Objective: To genetically modify dendritic cells (DC) with a tumor associated antigen gene MAGE-1 and to observe in vitro the cytotoxic effect induced by this genetically modified DC against human hepatocellular carcinoma (HCC) cell line SMMC7721, thus giving a primary verification of the possibility of this genetically modified DC to induce specific antitumor immunity against HCC and serving as a new type of vaccine.

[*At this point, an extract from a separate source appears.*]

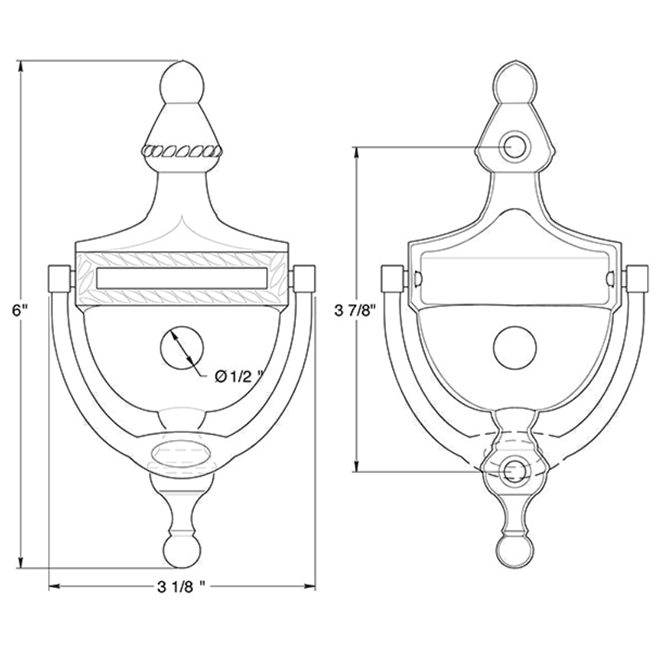 Deltana DKV6R Door Knocker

Methods: The MAGE-1 gene was inserted into the retrovirus vector LXSN to construct the recombinant retrovirus LMSN. The monocyte-derived DCs were transfected by LMSN and control virus LXSN respectively as well as a third group was set up as non-transfected control. The MAGE-1 gene expression in LMSN transfected DC was identified by Western blot and the in vitro cytotoxities against SMMC7721 induced by three groups of DC were tested by MTT assay.
Results: A recombinant retrovirus LMSN containing the tumor rejection antigen gene MAGE-1 was successfully constructed and the MAGE-1 gene expression in LMSN transfected human monocyte-derived DC was induced. The LMSN transfected DC could induce very high lytic activity against SMMC7721 in vitro with the lytic activity of 78.9%+/-3.6%. Nevertheless, the LXSN transfected DC and non-transfected DC only induced relatively lower lytic activity as 34.7%+/-4.3% and 3.9%+/-2.0%, respectively. The difference of the lytic activities between those three groups as statistically significant (P<0.01).
Conclusions: The MAGE-1 gene transfected DC can induce higher in vitro cytotoxicity against SMMC7721, suggesting the possibility of this genetically modified DC to induce specific antitumor activity and to serve as a new type of vaccine for HCC.